LISTED RECORDS:
****

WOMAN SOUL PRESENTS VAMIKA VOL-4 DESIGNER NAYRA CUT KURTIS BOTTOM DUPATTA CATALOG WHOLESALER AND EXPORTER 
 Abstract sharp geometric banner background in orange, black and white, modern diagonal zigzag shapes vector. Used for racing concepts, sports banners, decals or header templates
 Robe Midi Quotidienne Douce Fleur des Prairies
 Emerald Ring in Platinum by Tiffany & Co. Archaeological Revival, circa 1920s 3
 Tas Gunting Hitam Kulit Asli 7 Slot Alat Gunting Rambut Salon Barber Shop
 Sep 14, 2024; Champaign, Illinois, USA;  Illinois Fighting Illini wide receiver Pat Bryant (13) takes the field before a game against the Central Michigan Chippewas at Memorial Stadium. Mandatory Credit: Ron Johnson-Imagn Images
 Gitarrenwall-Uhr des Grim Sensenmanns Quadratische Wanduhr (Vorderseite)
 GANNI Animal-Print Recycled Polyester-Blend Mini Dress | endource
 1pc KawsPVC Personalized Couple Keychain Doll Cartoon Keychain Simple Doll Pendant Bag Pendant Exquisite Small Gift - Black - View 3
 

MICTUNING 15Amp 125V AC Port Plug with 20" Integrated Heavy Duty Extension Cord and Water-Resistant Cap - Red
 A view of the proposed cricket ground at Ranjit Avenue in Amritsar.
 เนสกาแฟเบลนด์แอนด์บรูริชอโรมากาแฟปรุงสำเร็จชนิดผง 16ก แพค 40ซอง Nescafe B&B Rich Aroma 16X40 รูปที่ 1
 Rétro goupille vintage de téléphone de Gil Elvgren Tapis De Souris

****

ABOUT THIS TASK: Return, unchanged, each line from the line containing "Gitarrenwall-Uhr des Grim" through the last line of the material.

FINAL ANSWER:
 Gitarrenwall-Uhr des Grim Sensenmanns Quadratische Wanduhr (Vorderseite)
 GANNI Animal-Print Recycled Polyester-Blend Mini Dress | endource
 1pc KawsPVC Personalized Couple Keychain Doll Cartoon Keychain Simple Doll Pendant Bag Pendant Exquisite Small Gift - Black - View 3
 

MICTUNING 15Amp 125V AC Port Plug with 20" Integrated Heavy Duty Extension Cord and Water-Resistant Cap - Red
 A view of the proposed cricket ground at Ranjit Avenue in Amritsar.
 เนสกาแฟเบลนด์แอนด์บรูริชอโรมากาแฟปรุงสำเร็จชนิดผง 16ก แพค 40ซอง Nescafe B&B Rich Aroma 16X40 รูปที่ 1
 Rétro goupille vintage de téléphone de Gil Elvgren Tapis De Souris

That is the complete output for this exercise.